February 23, 2023: Fuck it we ball

 

I was emailing this podcaster.

This was the email:


Disclaimer: If this email turns out too good to be just an email, I'll publish it

I've lost count of the times I've been crippled by imposter syndrome. It's like I build castles near the sea which get washed away every time there's a wave of imposter syndrome.
I'm not doing much. I'm really not. I'm a second-year undergraduate student pursuing journalism. I'm interning for a newspaper publication called The Morning Standard. I've interned at media organizations like Travelxp and Outlook as well.

There's this I made. It's called The Red Megaphone (theredmegaphone.com)(The website needs work. I know) I'm trying to do media differently. I'm trying to connect it to people so that it starts running through them, to us, back to the people, and so on. I'm probably not making a lot of sense right now, which is what scares me. I want to make this big. Really big. I know we can do it because I see how a single of ours creates small ripples of change and influence. Maybe it's new. Maybe it's not.

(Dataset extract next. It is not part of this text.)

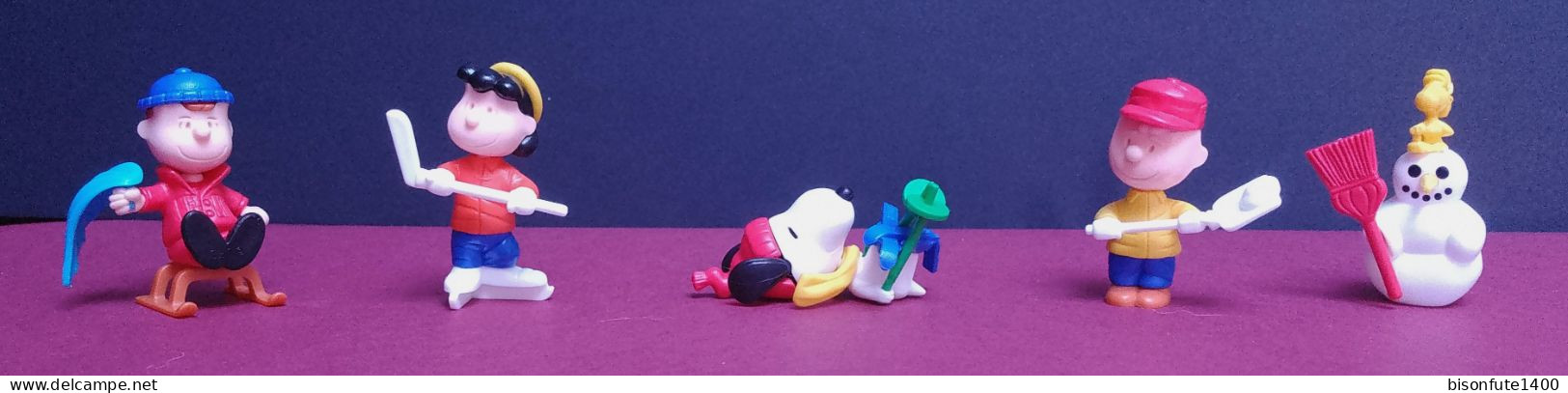 Lot De 5 Figurines Snoopy En Plastic Dur : Hauteur Des Figurines : 5,00 Cm. ( Voir Photos ). - Snoopy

Maybe I'm doing extremely well for my age (as I've heard and rejected way too many times) and maybe I'm just another wannabe. That right there is my biggest fear. I fear mediocrity. Where the greatest of humans advise finding beauty and peace in mediocrity, I detest it. Journalism doesn't pay very well. Not enough to put me and my baby on the Forbes list. I've to find a way to integrate tech into it. That's how we won't have a broken building for an office. I want to bring journalism and communication to silicon valley. And what's the worst part, I'm not a tech person. At all. I'm just a good writer. My gift is that I can articulate the most intrusive of thoughts. We all need this gift. Communication needs to be reintroduced as a concept. It will solve more than half the problems of mankind today. We think something, we text something else, and on call, we say something else, we tweet something else. We have way too many channels of communication. We get entangled in syntax and conventions. Clear communication is lost. Instead of blaming tech and social media for this, I want to use it to solve this exact problem. But I'm not sure how. I haven't figured it out yet.

I don't have the money to do it. I don't have the resources for it. I don't have the team for it. I don't have a solid website for it.
What do I have? Me, my passion to change and fix lives. My urge to run a comb of clarity through people's messes. Someone's gotta do it. Or at least someone's gotta teach them how to do it. A bit of psychology, a bit of creativity and a bit of tech and we're good to go. Everyone needs this. You need this. And me? I need this more than anyone on this planet.